The U.S. investment bank’s equities team, in a note published on Saturday, raised its projection for the average Brent crude oil LCOc1 price this year to $58 a barrel from $52 and lifted its outlook for U.S. light crude futures CLc1 to $52 a barrel from $48.
But Goldman, closely followed investors including large pensions and hedge funds, said it expects Brent to fall over time, reaching $55 a barrel by 2020.
Brent traded around $67 a barrel at 1100 GMT on Monday.
“We lower our Brent oil price assumption to $60-$65 for 2016-2019, falling to $55 for 2020,” Goldman said.
“We see global oil demand being met by U.S. shale, which is
continuing to benefit from efficiency and productivity improvements, and OPEC,” the bank’s note to clients added.
Goldman said that this “lower-for-longer oil price” would “put significant pressure” on integrated oil companies, forcing a rethink on dividends.
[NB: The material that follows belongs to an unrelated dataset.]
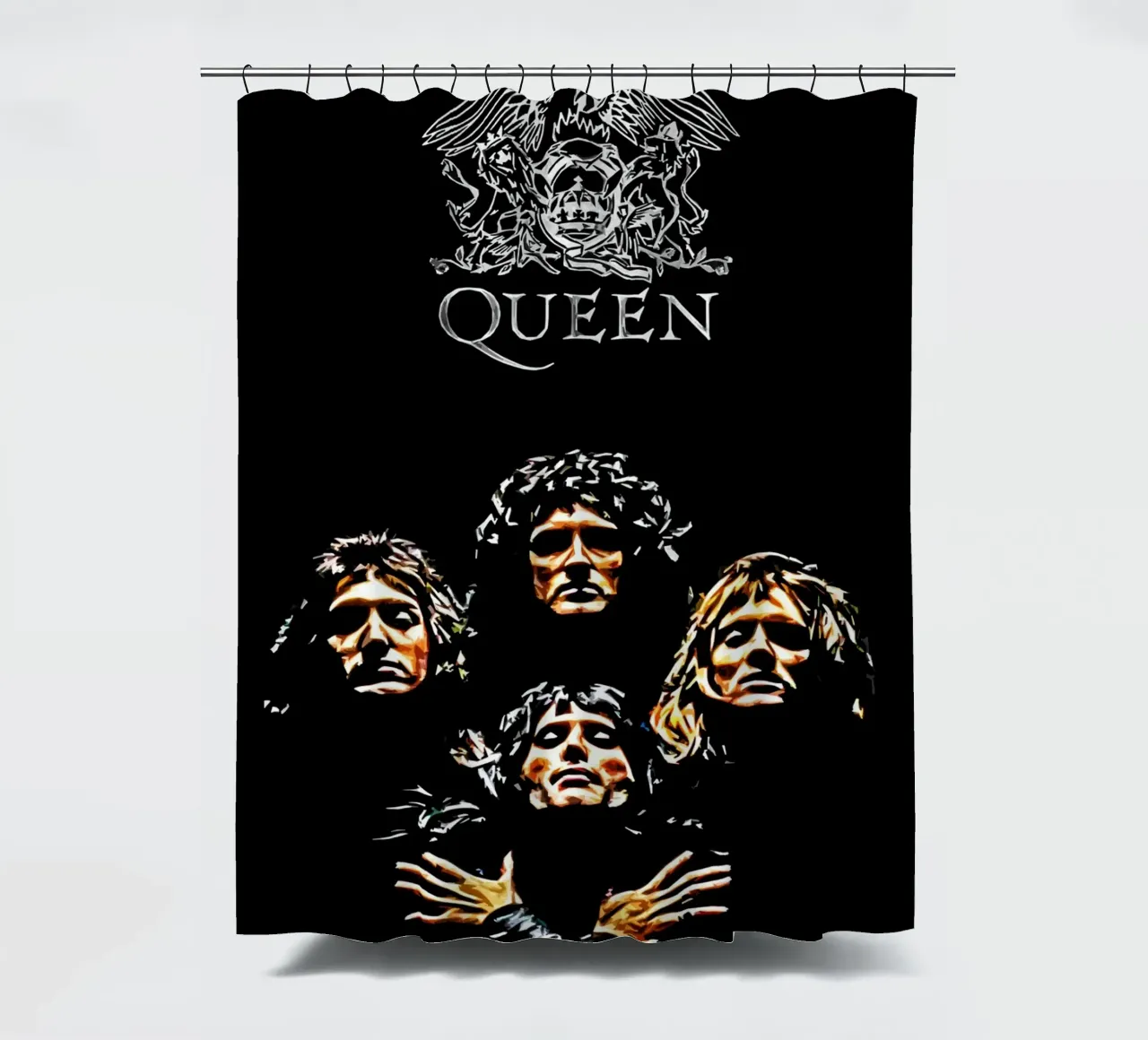 vintage queen band shower curtain by music soul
“As a result, we downgrade the sector outlook to ‘cautious’ from ‘neutral’,” it said.
The bank downgraded BP (BP.L) and Statoil STL.OL to “sell” from “neutral”, citing long-term dividend risk for BP and cashflow pressure on Statoil.
Last week the U.S. investment bank described a recent rally in oil prices was “premature”, adding that a weakening of prices is required for a rebalancing of the market to resume.
Oil prices have recovered this year after sharp falls through the second half of 2014.
Goldman Sachs said it assumed a $5 a barrel spread between Brent and U.S. crude, which is also known as West Texas Intermediate (WTI), through 2016-2020.